As the Wall Street Journal notes, ‘one of the pleasures of fiction is how suddenly a brilliant writer can alter the literary landscape’. Hanya Yanagihara did precisely that with her word-of-mouth bestseller A Little Life. Ambitious in scope with a powerful, deeply affecting story, the novel has already been shortlisted for The Man Booker Prize and The National Book Award, and has won the Kirkus Book Prize. ‘Yanagihara’s immense new book, A Little Life,' The Wall Street Journal continues, 'announces her, as decisively as a second work can, as a major American novelist.’
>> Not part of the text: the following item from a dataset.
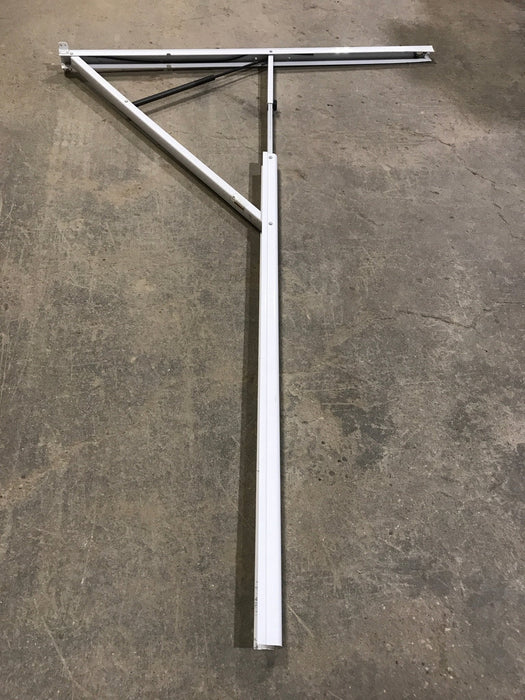 Used Dometic 9100 Power Awning Arm - Young Farts RV Parts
The novel portrays the evolving relationships between four university friends as they pass through their twenties and on towards middle-age. The group is a ‘pleasingly diverse crew, tightly bound to each other’ (The New Yorker), that consists of Willem, the honest, genuine farm-boy; J.B., the spoilt yet gifted artist; Malcolm, the uneasy inheritor of millions; and Jude, a man scarred by his mysterious past. The novel is multi-faceted; it is a tale of growing up, of friendship through the years, of carving out an existence in New York City, and of private trauma and the life-long shadow it casts.
Yanagihara has chosen to eradicate any reference to significant political and historical events; the result of which is to place the novel in an eternal present tense where the emotional lives of the characters are paramount (The New Yorker). As the novel progresses, Jude emerges as its dark centre; this is, The New Yorker continues, what makes A Little Life such a subversive read: ‘[It] uses the middle-class trappings of naturalistic fiction to deliver an unsettling meditation on sexual abuse, suffering, and the difficulties of recovery.’
A Little Life is unafraid of taking dark, unexpected turns as it reflects on unsettling issues and yet, as The Wall Street Journal observes, this is counterbalanced by its portrayal of fraternity: ‘A Little Life dedicates the same insightful attention to the vicissitudes of friendship as it does to pain.’
Ultimately, as Yanagihara stated in The Telegraph, it is a novel that sets out to ‘capture all the love, distress and horror of life’.
What was the first idea you had for A Little Life – where did it originate from?
Although the book seemed almost to write itself, it's only now, almost two years after I finished, that I realized how much I'd been thinking about it even before I knew it; in fact, I recently found a few pages I'd written about a character who is clearly (I now recognize) a prototype of Jude, the protagonist of A Little Life. But I always knew I wanted to write a book about male friendship -- and about a character who's damaged beyond the point of repair.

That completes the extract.